◆ **THE PROBLEM**
Exact copies of the lines from the start of the records through the line with "USCG Station Yaquina" are what the answer must hold; pictures are not part of it.

--- START ---

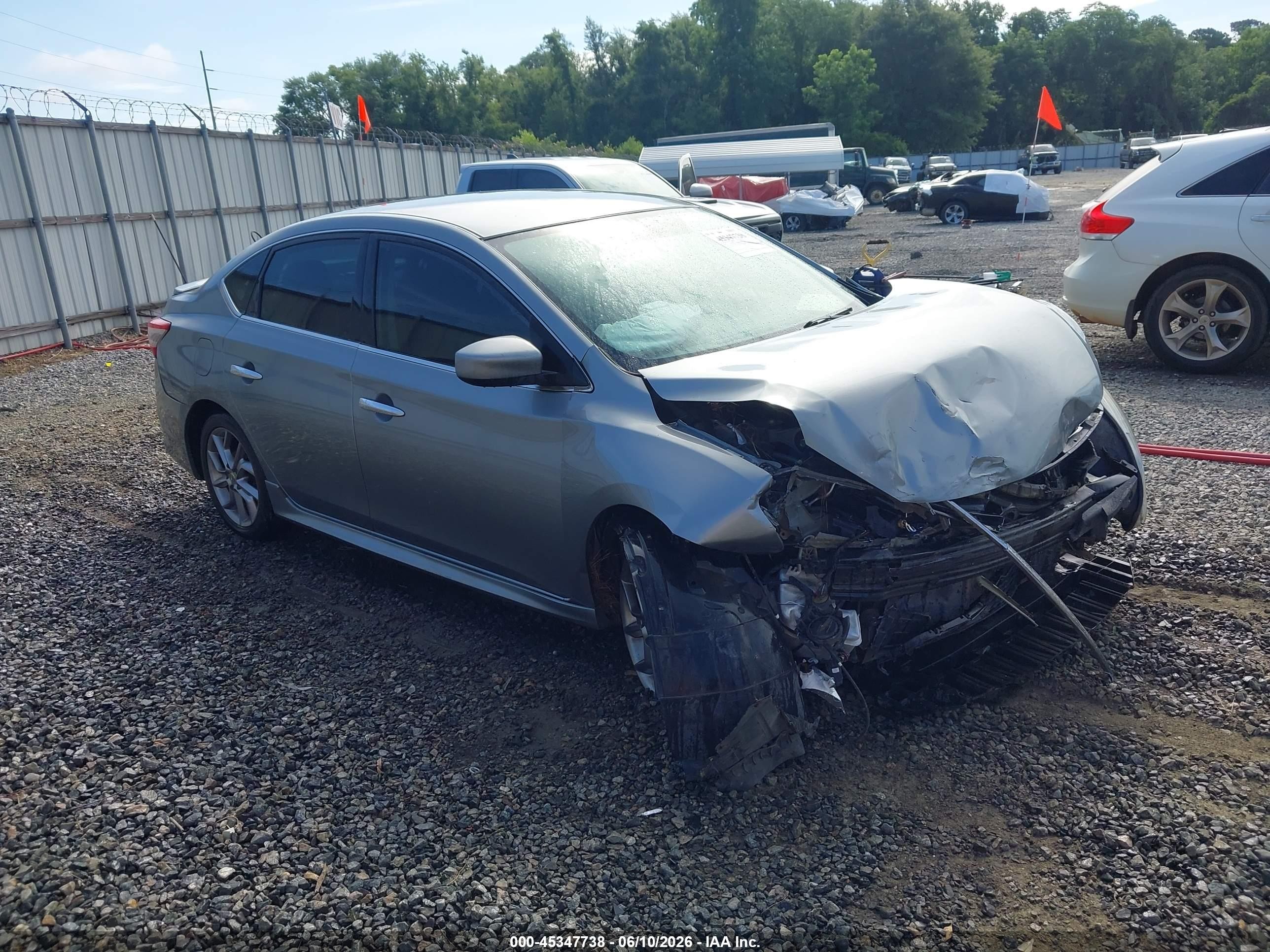 2013 Nissan Sentra Sr Silver vin: 3N1AB7APXDL668967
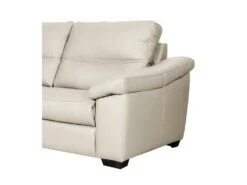 Canapé 2 Places En 100% Tout Cuir épais Italien Vachette HAMBOURG, Couleur Ivoire -Accueil-Canapé canape 12328353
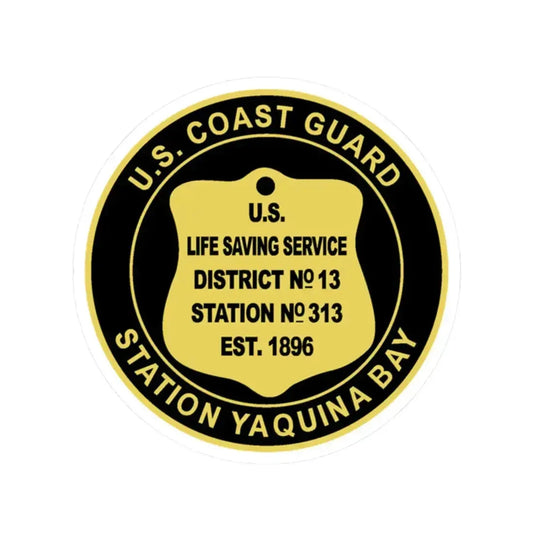 USCG Station Yaquina Bay (U.S. Coast Guard) STICKER Vinyl Kiss-Cut Decal 2 Inch White - The Sticker Space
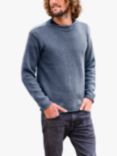 Celtic & Co. Textured Stitch Merino Wool Jumper, Indigo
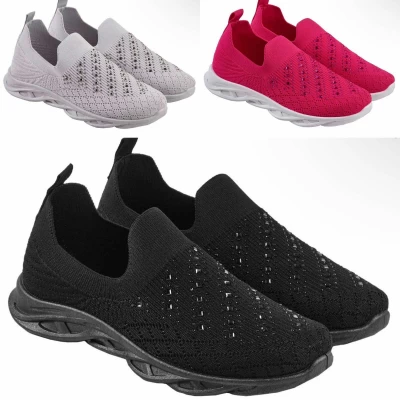 Мокасины женские сетка, р.36-40 (Черные, Красные, Беж) Мокасины женские сетка, р.36-40 (Черные, Красные, Беж)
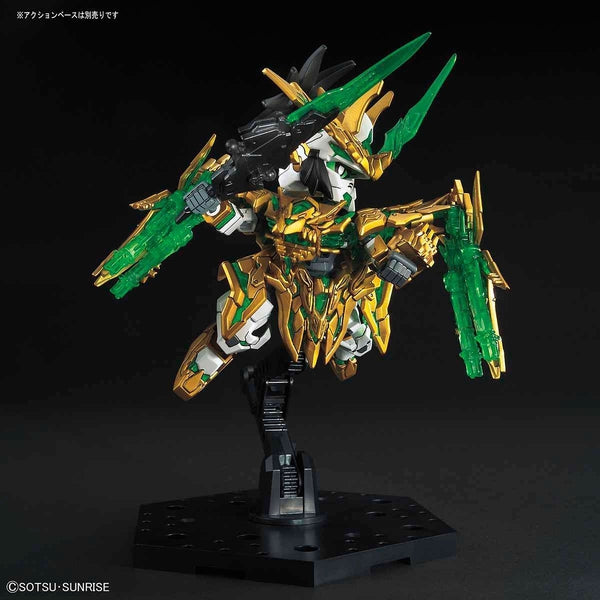 Bandai SD Sangoku Soketsuden Long Xian Liu Bei Unicorn Gundam action pose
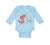 Long Sleeve Bodysuit Baby Funny Shrimp Saying Lil Shrimp Seafood Cotton - Cute Rascals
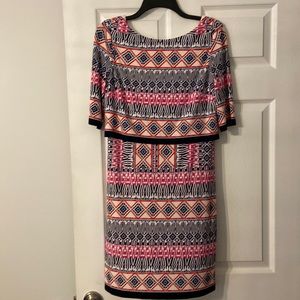 Eliza J Women Dress size 8 excellent condition long 35.5” bust 34”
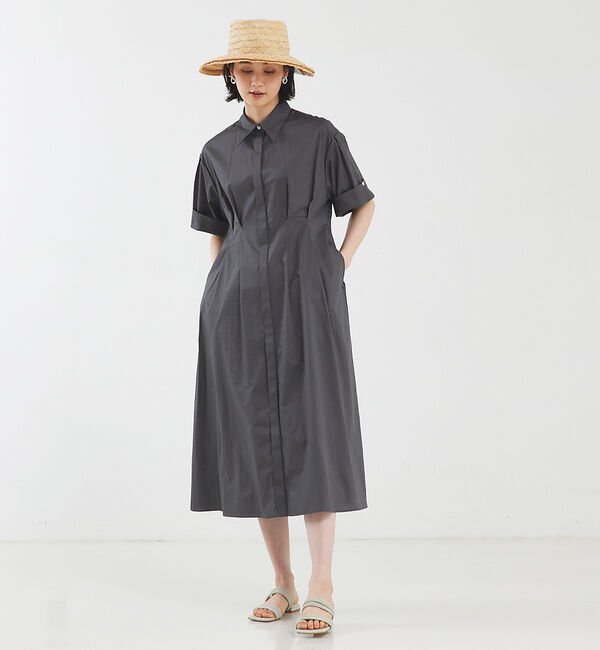 qualite「ツイストタックワンピース」|ワンピース|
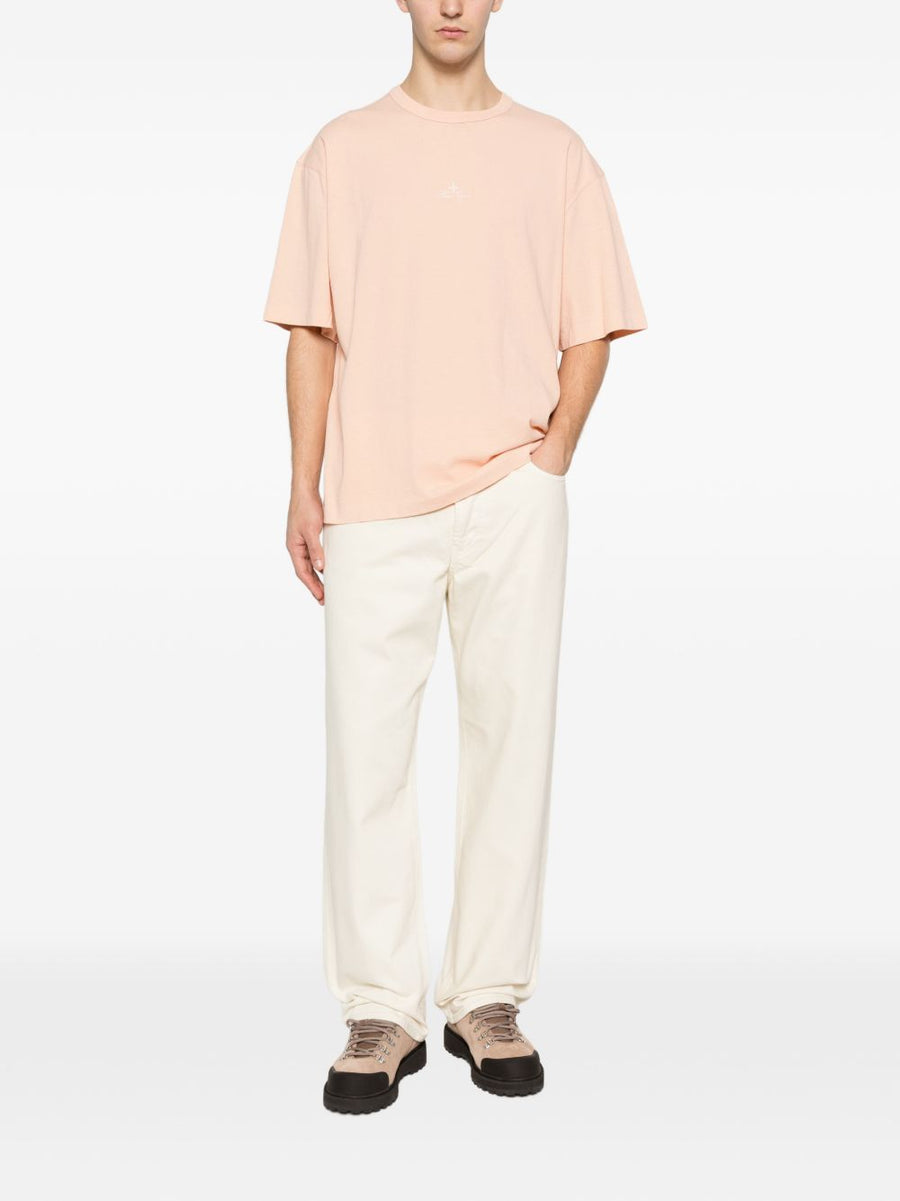 Stone Island Ivory Denim Jeans For Men Premium Cotone Comfort Five Pocket Style Essentials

--- END ---

◆ **TASK RESULT**
 2013 Nissan Sentra Sr Silver vin: 3N1AB7APXDL668967
 Canapé 2 Places En 100% Tout Cuir épais Italien Vachette HAMBOURG, Couleur Ivoire -Accueil-Canapé canape 12328353
 USCG Station Yaquina Bay (U.S. Coast Guard) STICKER Vinyl Kiss-Cut Decal 2 Inch White - The Sticker Space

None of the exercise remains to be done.